Goal of the exercise: The reply must contain exactly the lines below from the one with "NEW WITH TAGS!" down to the one with "Gente si allontana", both included, and nothing more; please omit the pictures.

Data for the task:
******************************
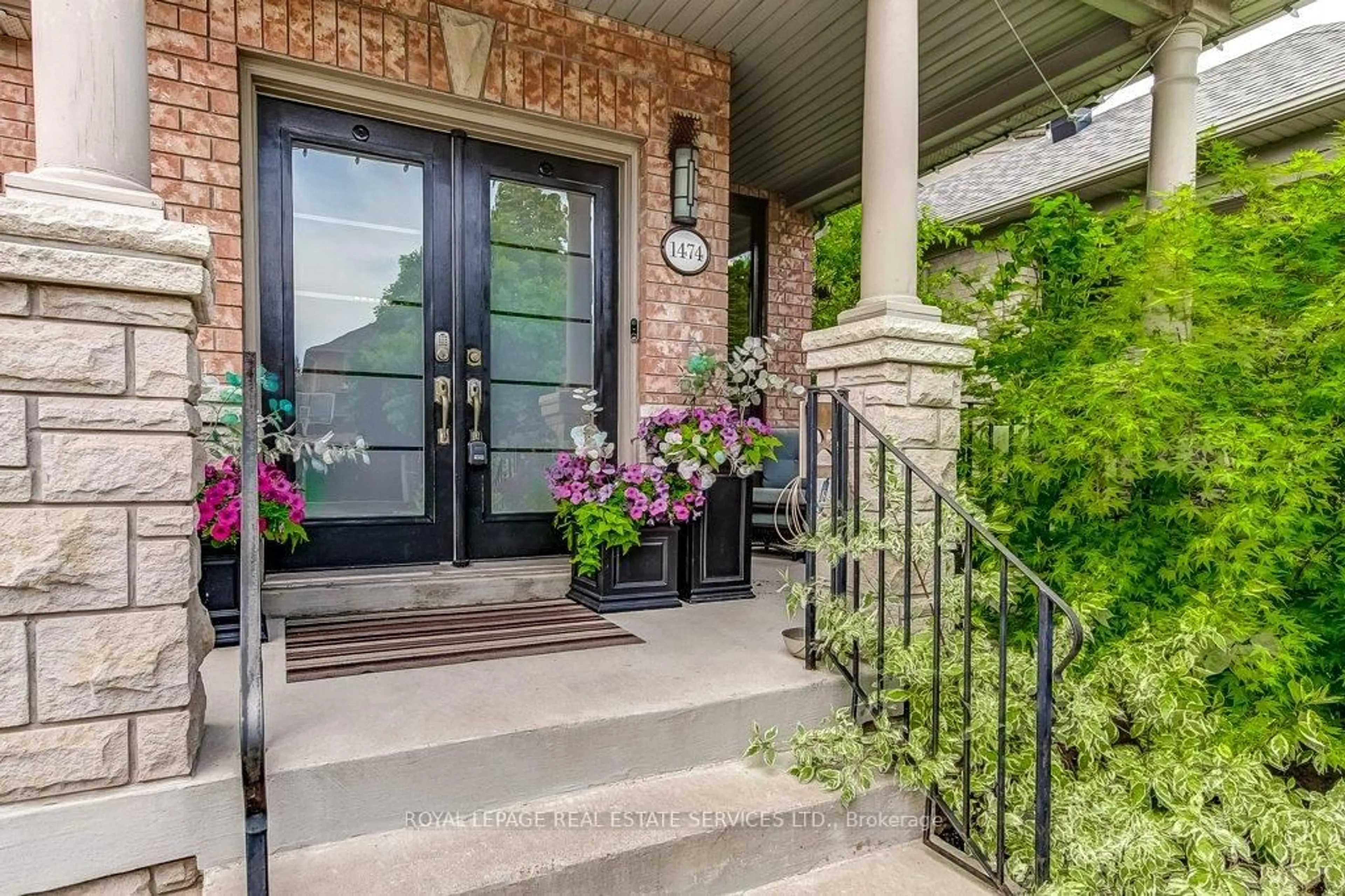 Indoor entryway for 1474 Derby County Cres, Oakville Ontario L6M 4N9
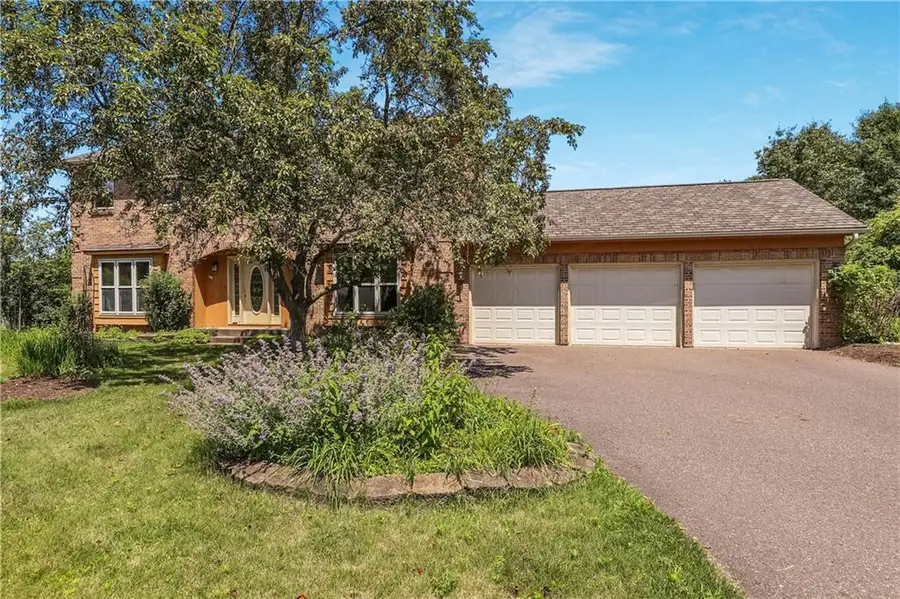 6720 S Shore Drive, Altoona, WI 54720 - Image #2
******************************
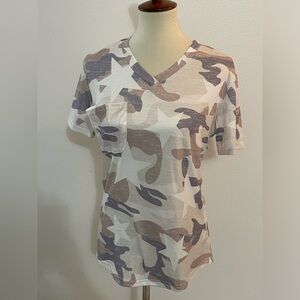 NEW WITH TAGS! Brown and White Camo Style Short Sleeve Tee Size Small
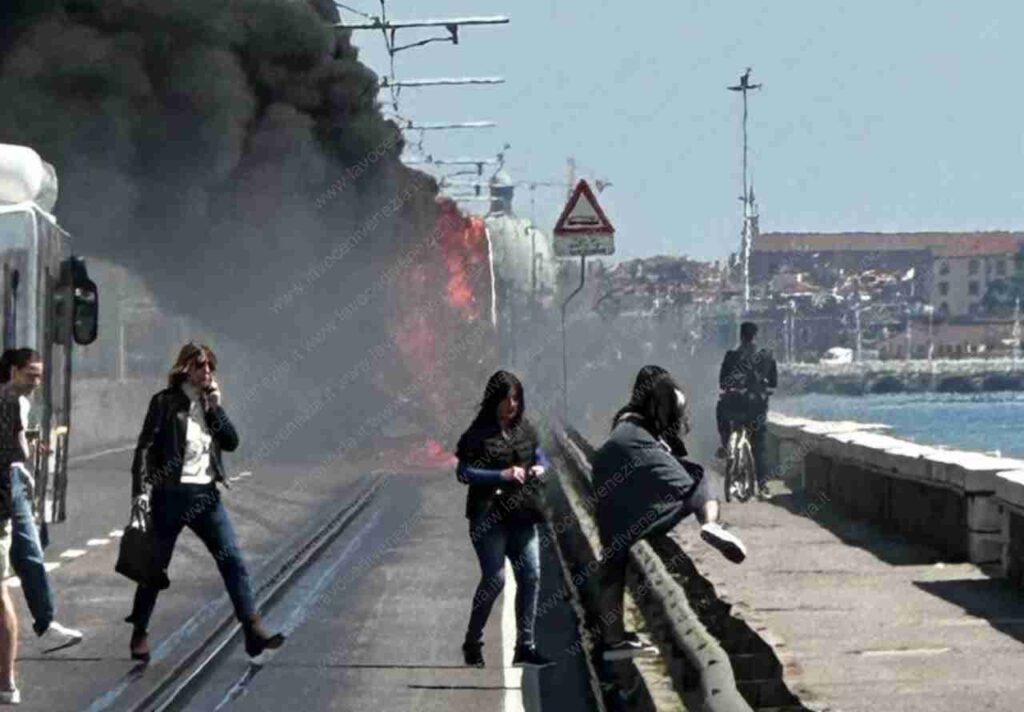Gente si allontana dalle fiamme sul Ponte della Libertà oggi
******************************
Answer to this task:
 NEW WITH TAGS! Brown and White Camo Style Short Sleeve Tee Size Small
Gente si allontana dalle fiamme sul Ponte della Libertà oggi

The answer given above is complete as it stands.